Spitzer's Corner Is The Worst Place To Bartend In New York

Spitzer's Corner, an alleged gastropub that opened recently on the Lower East Side at Rivington and Ludlow, has 39 beers on tap. Its menu, designed by ex-Le Bernadiniere Mike Cooperman, is much less ambitious. Six entrees, a splatter of apps and a couple of slimy raw bar items. The interior is prairie sparse. If Laura Ingalls Wilder wanted to go out downtown, she'd probably choose this place. When I sat at the bar recently, the guy who built the place sat next to me. He was explaining to his friend that the wood that lines the walls is made from reclaimed pickle barrels from Minnesota. On my left, a quartet of gently snarpy dudes were getting in an increasingly heated argument about whether the wood was new or old. "Nah, brah!" one man shouted, "they bought the wood new and aged it to look like this." I stared into my burger.

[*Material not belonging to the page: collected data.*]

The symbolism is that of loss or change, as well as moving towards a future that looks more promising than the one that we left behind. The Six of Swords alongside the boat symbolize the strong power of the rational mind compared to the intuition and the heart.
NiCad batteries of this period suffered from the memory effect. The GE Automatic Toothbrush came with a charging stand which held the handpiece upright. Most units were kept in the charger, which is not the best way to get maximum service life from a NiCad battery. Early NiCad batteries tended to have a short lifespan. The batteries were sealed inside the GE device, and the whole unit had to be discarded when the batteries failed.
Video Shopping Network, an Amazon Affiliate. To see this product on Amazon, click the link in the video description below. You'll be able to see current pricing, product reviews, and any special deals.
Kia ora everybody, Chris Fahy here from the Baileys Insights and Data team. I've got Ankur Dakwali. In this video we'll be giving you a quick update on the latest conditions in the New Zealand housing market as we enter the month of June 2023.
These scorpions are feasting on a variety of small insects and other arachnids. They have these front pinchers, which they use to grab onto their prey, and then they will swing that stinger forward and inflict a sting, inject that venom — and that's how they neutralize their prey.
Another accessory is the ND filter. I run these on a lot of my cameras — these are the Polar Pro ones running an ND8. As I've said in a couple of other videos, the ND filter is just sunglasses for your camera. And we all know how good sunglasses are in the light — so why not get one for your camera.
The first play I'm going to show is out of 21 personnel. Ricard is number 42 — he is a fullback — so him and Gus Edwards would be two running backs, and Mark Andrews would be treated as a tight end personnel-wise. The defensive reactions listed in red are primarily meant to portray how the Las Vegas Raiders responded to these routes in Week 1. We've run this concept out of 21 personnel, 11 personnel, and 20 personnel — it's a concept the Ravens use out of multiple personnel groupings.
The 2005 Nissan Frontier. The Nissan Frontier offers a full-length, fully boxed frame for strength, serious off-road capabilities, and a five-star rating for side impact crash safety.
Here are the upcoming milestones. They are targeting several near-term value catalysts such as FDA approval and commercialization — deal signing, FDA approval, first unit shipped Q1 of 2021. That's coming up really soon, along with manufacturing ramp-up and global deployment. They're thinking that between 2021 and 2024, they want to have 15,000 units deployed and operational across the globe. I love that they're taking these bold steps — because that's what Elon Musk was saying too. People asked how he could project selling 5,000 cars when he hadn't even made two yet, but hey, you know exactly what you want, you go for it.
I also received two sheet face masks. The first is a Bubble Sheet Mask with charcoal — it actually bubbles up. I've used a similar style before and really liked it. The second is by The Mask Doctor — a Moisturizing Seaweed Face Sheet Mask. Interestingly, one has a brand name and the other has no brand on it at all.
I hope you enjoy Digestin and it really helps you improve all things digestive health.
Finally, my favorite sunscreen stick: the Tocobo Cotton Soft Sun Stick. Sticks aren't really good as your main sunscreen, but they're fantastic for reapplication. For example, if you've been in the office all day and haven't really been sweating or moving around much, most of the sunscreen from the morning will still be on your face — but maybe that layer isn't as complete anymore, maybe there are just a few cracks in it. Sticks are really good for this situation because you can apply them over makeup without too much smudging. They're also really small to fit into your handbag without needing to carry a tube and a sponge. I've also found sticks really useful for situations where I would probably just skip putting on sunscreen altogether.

The burger, by the way, adds nothing to the burgeoning Lower East Side burger environment. It's okay but we'd rather make the trek down to Good World or Mogador even in this frigid August.

Then a guy comes up to the bar, a guy like virtually all the other guys there (and they were virtually all guys). Not really a bro or worse, a brah, not prima facie a douche, neither hipster nor litster. "Hey bartender," he said, "got any PBR?" The bartender dressed him down with a single scornful glance. "Just kidding, man!"

"How many months has this Hitachino Nest Ale been aged? Because I only like beers aged for 3 months or so," he said, clearly showing off for his somewhat dour date. The bartender shot back a vacant and mildly loathing look: "I'll have to check with my co-worker."

All night the bartender parried orders and obscure questions from ale enthusiasts who took great pleasure in quizzing him. Some were showing off for the few women there; some were genuinely just beer dorks. This, it might be added, took place at 10 p.m. on a school night. Imagine a Saturday night.